Walter understood. There was nothing more he could do for Alden. He was in the best care.

“Use the ring, Walter. I wouldn’t recommend going through my door. I sense there is peril,” Odin said.

Walter nodded and used his ring. After taking Agi home he went back to the inn and waited. Two days later, Alden woke up and was taken back to the manor to recuperate. Walter visited him whenever he could. Alden was definitely getting back his vivacious personality. He told Walter about the gargoyles that have visited him. The gargoyles slept during the day and were awake by night. They entertained Alden with anecdotes of their days at the manor and even promised him flight. Alden looked forward to that one. He told Walter about the servant spirits that lived in the manor. They are the voices that shouted out, “Who’s there” when someone comes in. They are also the ones that open the doors and maintain the manor. The servant spirits have been at the manor, long before Archibal became the headmaster. They were also the ones that brought Alden food, made his bed and helped him with his assignments that Walter was able to bring over. Alden was indeed a happy boy. The elder Mr. Clough had been nowhere to be seen. Alden asked about him a few times, but did not push the matter much with Walter. Walter wondered what Mr. Clough was up to, but didn’t get curious enough to search for him, not while the phantom was out there.

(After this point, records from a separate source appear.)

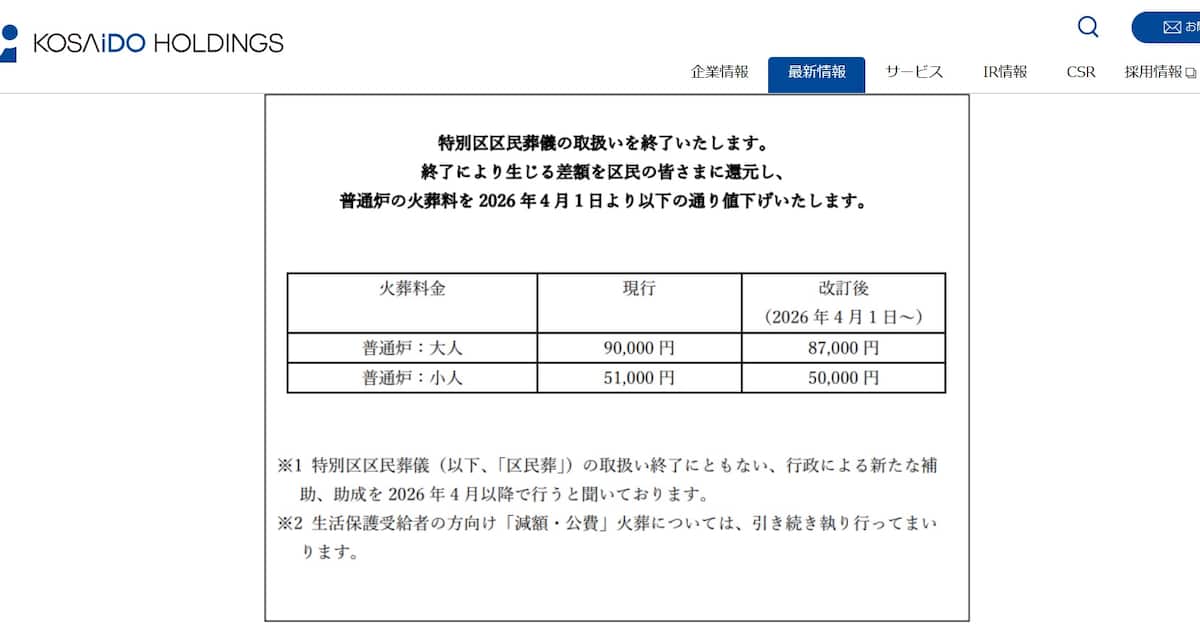 Sankei_news's tweet card. 東京23区の区長で構成する特別区長会は1日、低所得者向けの火葬費用の助成制度を創設し、令和8年度から実施すると発表した。民間業者が低所得者向けの割引取り扱いを…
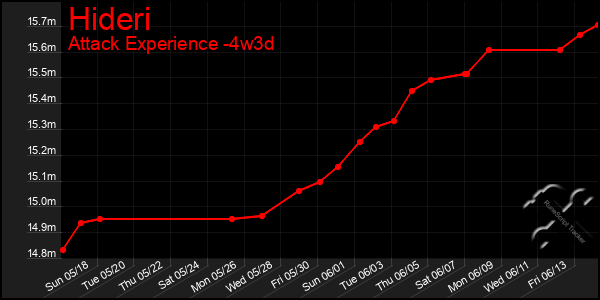 Last 31 Days Graph of Hideri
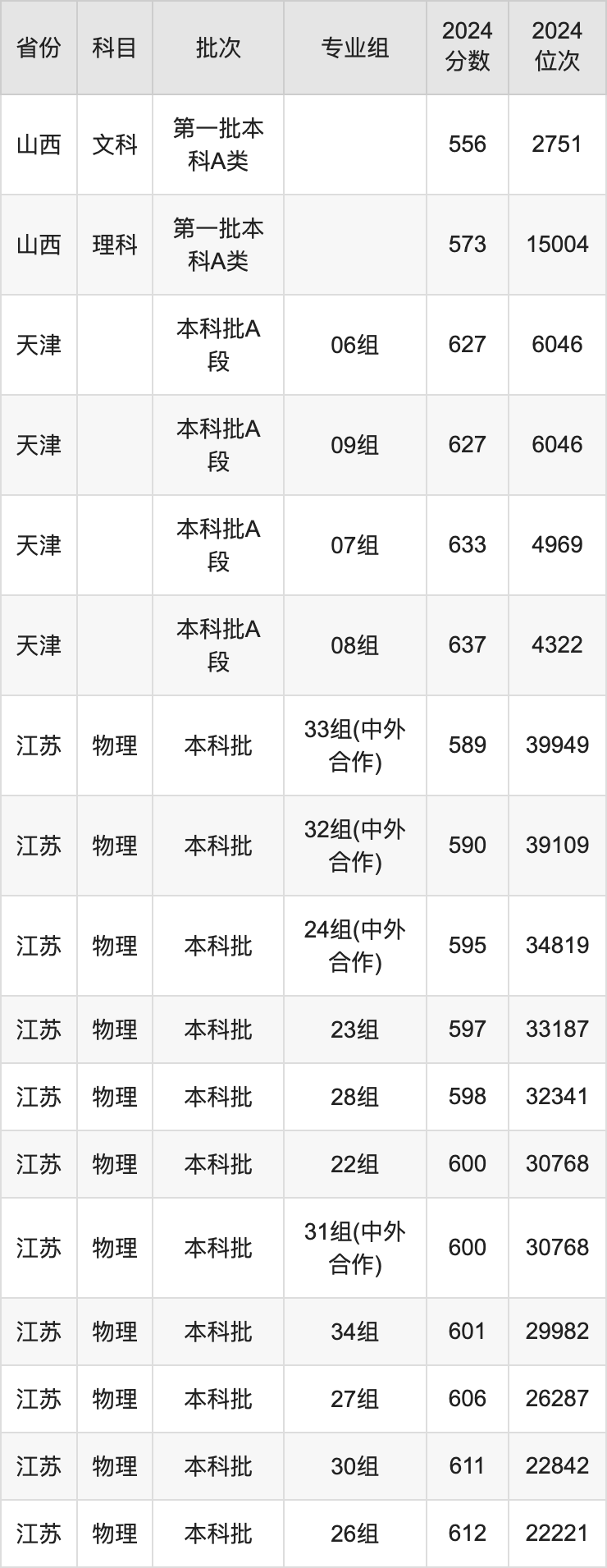 苏州大学2024录取分数线(全国各省最低分汇总)-高考100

By the sixth day it was time for Alden to return home. He didn’t look to eager to go back. He enjoyed being at the manor. Walter understand, since he has moved in with his Uncle and Aunt at the inn he has been the happiest he has ever been. Going back to the cottage was going to be difficult and it was something he did not look forward to.

Alden packed his things and said goodbye to the gargoyles and the servant spirits who had been kind to him. Walter was there to see the sad affair.

“Don’t be so sad, Master Alden,” said Amias. “You will be returning to your lessons when Archibal comes back. We will see you then.”

Agi and two other gargoyles were taking it hard to say goodbye. Agi gave Alden a quick goodbye and flew off crying.

“It has been a long time since we had anybody else in the manor,” Amias said. “It gets rather lonely at times. It has been harder on Agi, but he will be all right. You two most go before it gets late.”

Walter said his goodbyes, took his ring and dropped Alden home. He got back to his room as his mother came looking for him.

“There you are. It’s time for dinner,” she said and left.